Imaginez : Sartre, entraineur, reprocherait à son gardien de but de ne pas remonter tout le terrain balle au pied, ou de ne pas tirer les corners pour son équipe. Et si d’aventure, son gardien lui objecterait que ce n’est pas son rôle, qu’il n’a pas les capacités techniques pour le faire, et surtout qu’il mettrait son équipe en difficulté tactique en cas de contre-attaque adverse, Sartre le traiterait de salaud. Pour lui, le gardien nierait la liberté fondamentale dont il jouit, la capacité en fait, réelle, que le gardien peut choisir de jouer ailier gauche au cours d’un match.
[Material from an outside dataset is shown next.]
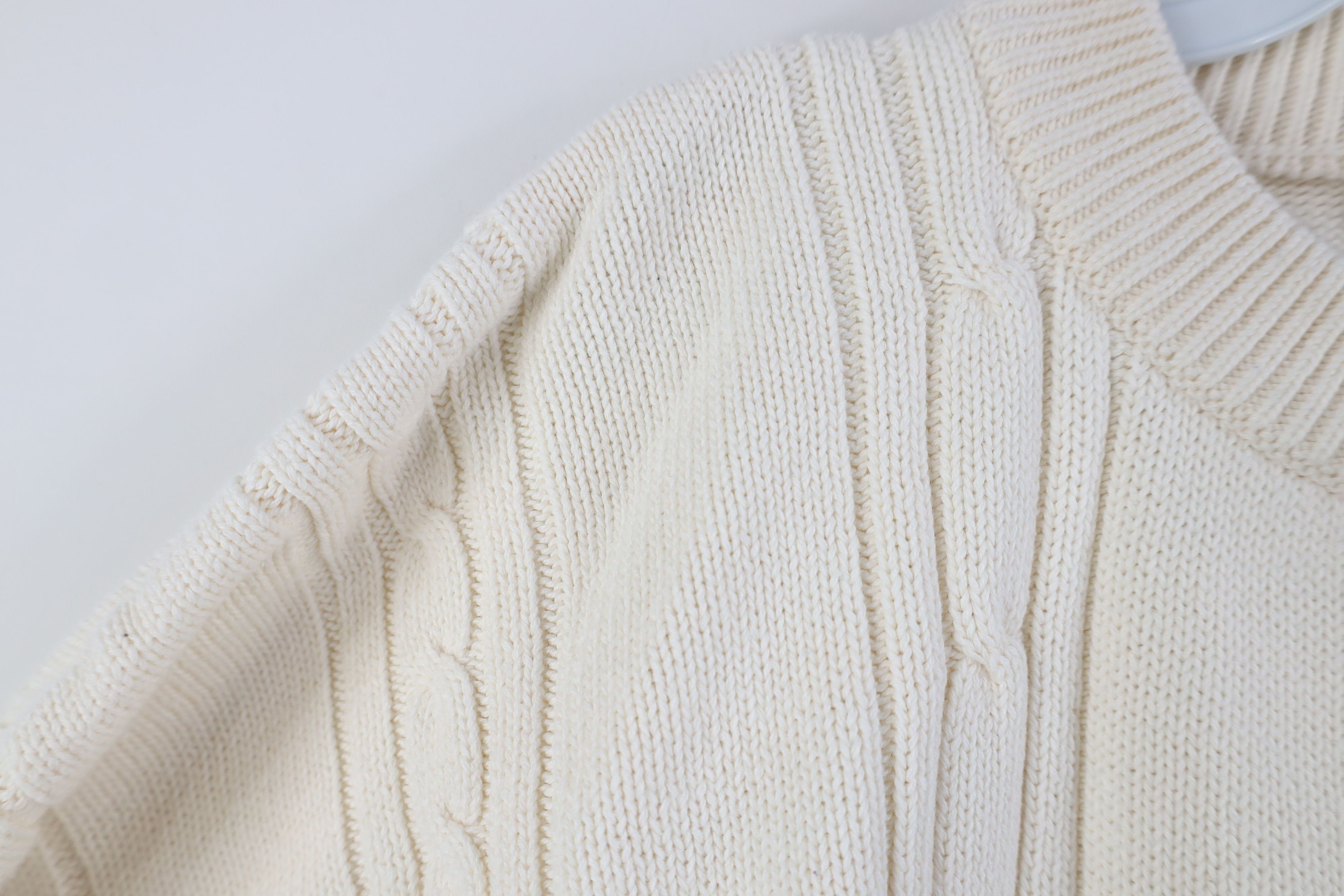 Izod Vintage 90s Izod Ribbed Cable Knit Crewneck Sweater Cream Size US XL / EU 56 / 4 - 5 Thumbnail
Camus, lui, encouragerait le dépassement de fonction pour ce qu’il produit sur l’homme et l’équipe (le monde, la société dans la philosophie camusienne). Benjamin Pavard qui reprend de volée un centre de Lucas Hernandez alors que la France en menée 2-1 contre l’Argentine en huitième de finale de Coupe du Monde par exemple.

Au fond, les conceptions sartriennes et camusiennes n’étaient certainement pas conciliables, et la brouille intellectuelle pas uniquement liée à une brouille entre hommes. Sartre jouait à être Sartre, Camus était Camus.